System.InvalidOperationException: The antiforgery token could not be decrypted. ---> System.Security.Cryptography.CryptographicException: The key {xxxxxxxx-xxxx-xxxx-xxxx-xxxxxxxxxxxx} was not found in the key ring.
I found a solution which suggests setting a static pair of validation/decryption key in the web.config but it seems this solution is only for classic asp.net application.
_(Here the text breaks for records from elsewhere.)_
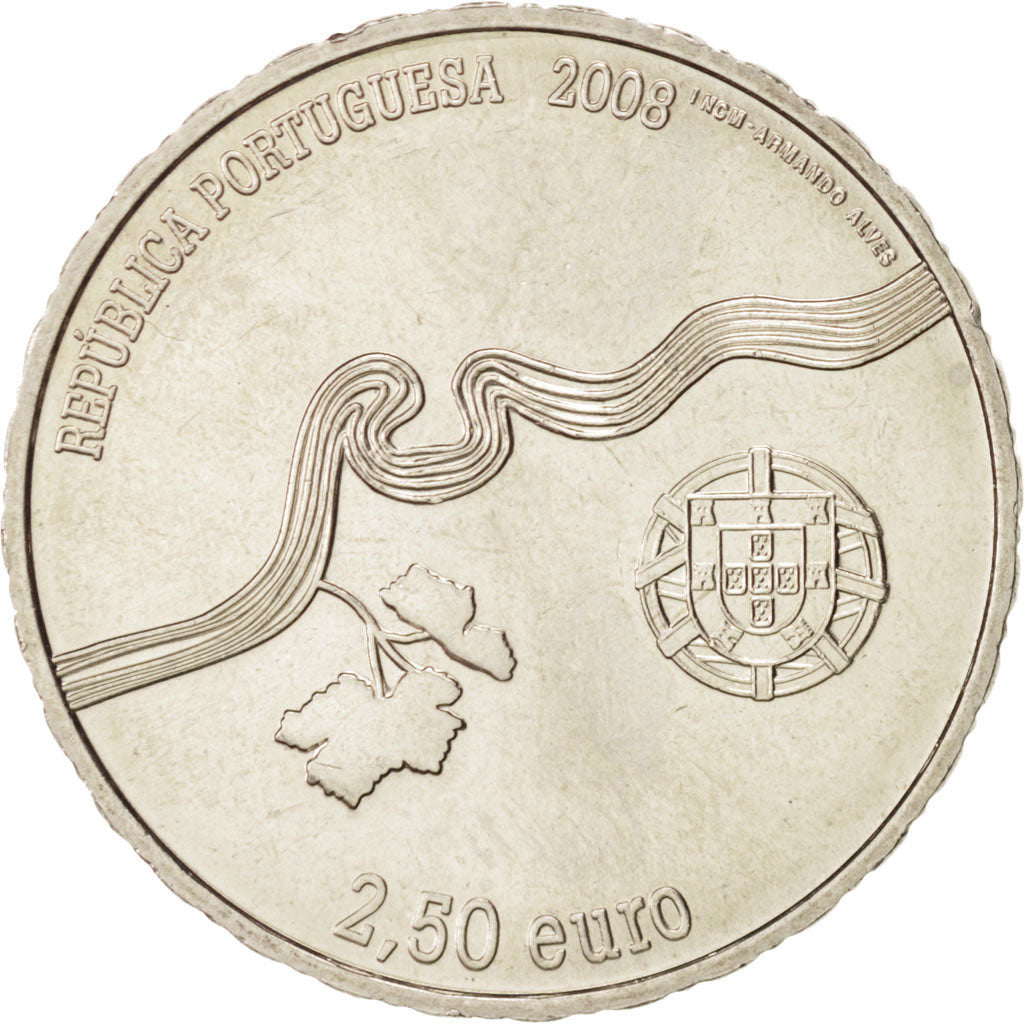 Portugal, 2-1/2 Euro, 2008, MS(63), Copper-nickel, KM:825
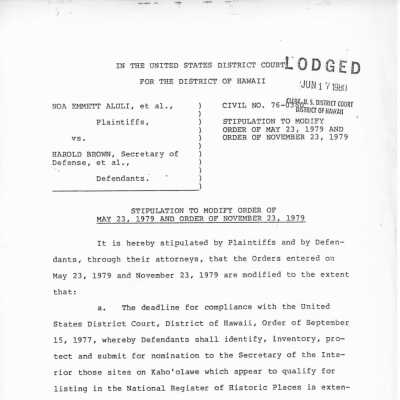 Stipulation to Modify Order: This document is a U.S. District Court stipulation to modify orders from 1979, involving Noa Emmett Aluli and Harold Brown.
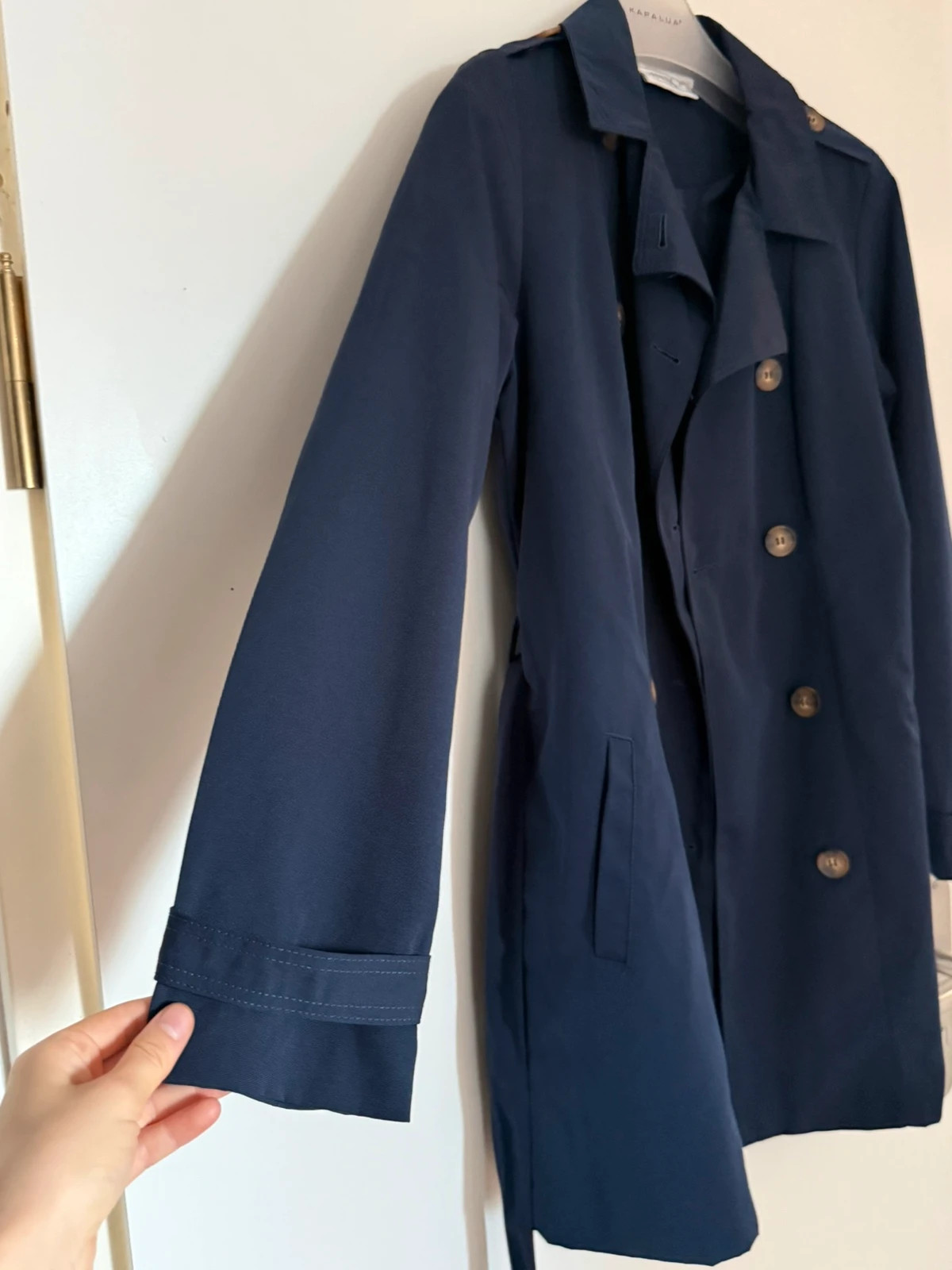 Dunkelblauer Trenchcoat/Übergangsjacke – Janina – taille S / 36 / 8 4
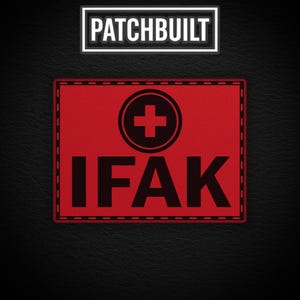 IFAK First Aid Patch Style#1 – Red Leatherette Hook & Loop or Iron-On Patch for Trauma Kits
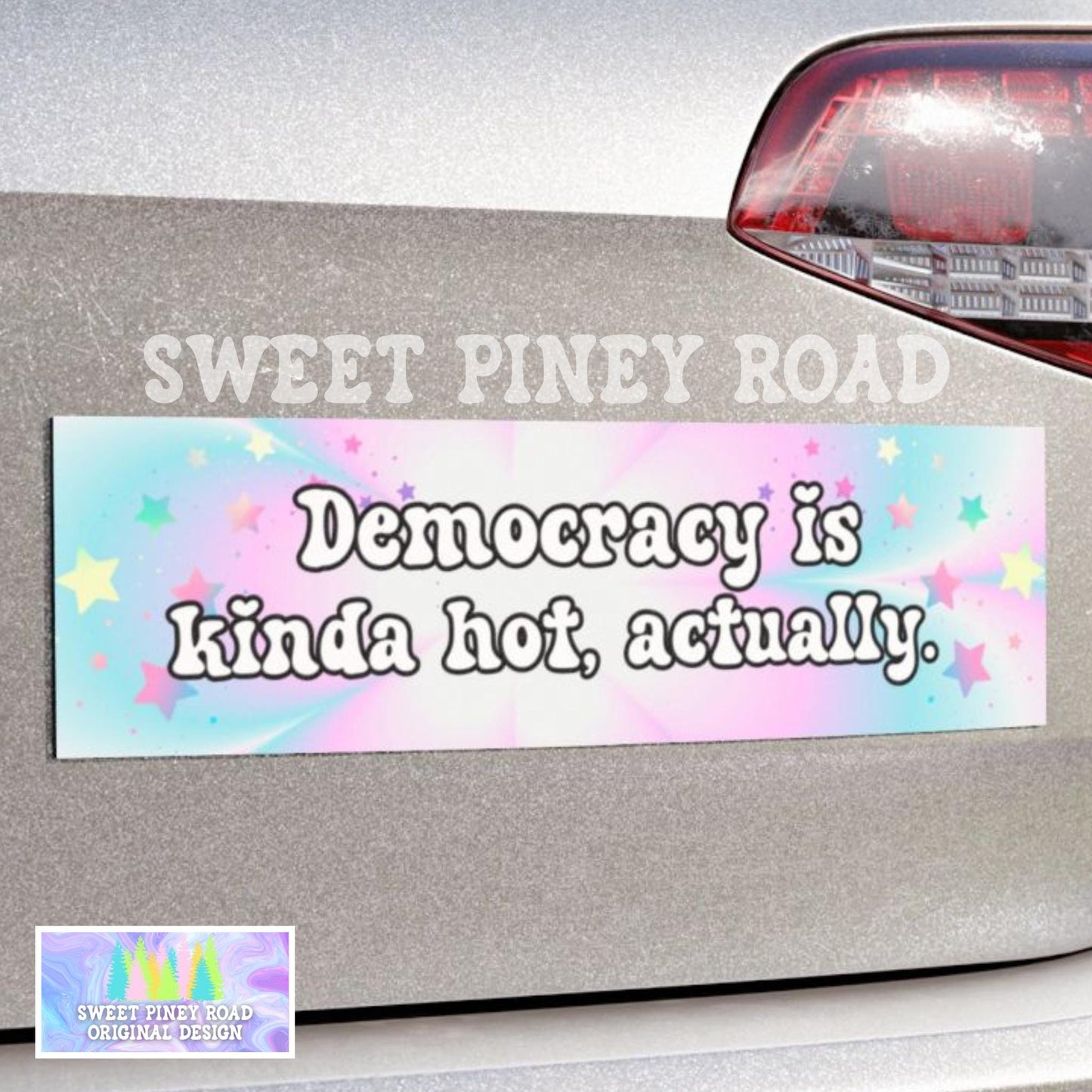 Democracy Is Hot Car Magnet, Funny Bumper Sticker, Girly Y2k Feminist, Activist Anti Trump FDT Decal, Pastel Anti Fascism Resist Protest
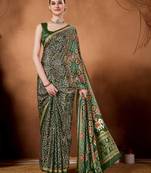 Olive color satin silk fabric ready to wear festive rich bandhani saree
How should I do in ASP.Net core?
566
Require antiforgery validationThe ValidateAntiForgeryToken attribute requires a token for requests to the action methods it marks, including HTTP GET requests. If the ValidateAntiForgeryToken attribute is applied across the app's controllers, it can be overridden with the IgnoreAntiforgeryToken attribute.
Anti-Forgery Tokens The server includes two tokens in the response. One token is sent as a cookie. The other is placed in a hidden form field. The tokens are generated randomly so that an adversary cannot guess the values.
AntiForgeryToken() basically generate encrypted value based on the cookie and form data. So if you declare and use this @Html. AntiForgeryToken() for each than it will generate two different _RequestValidationToken. Better declare one global @token variable with @Html.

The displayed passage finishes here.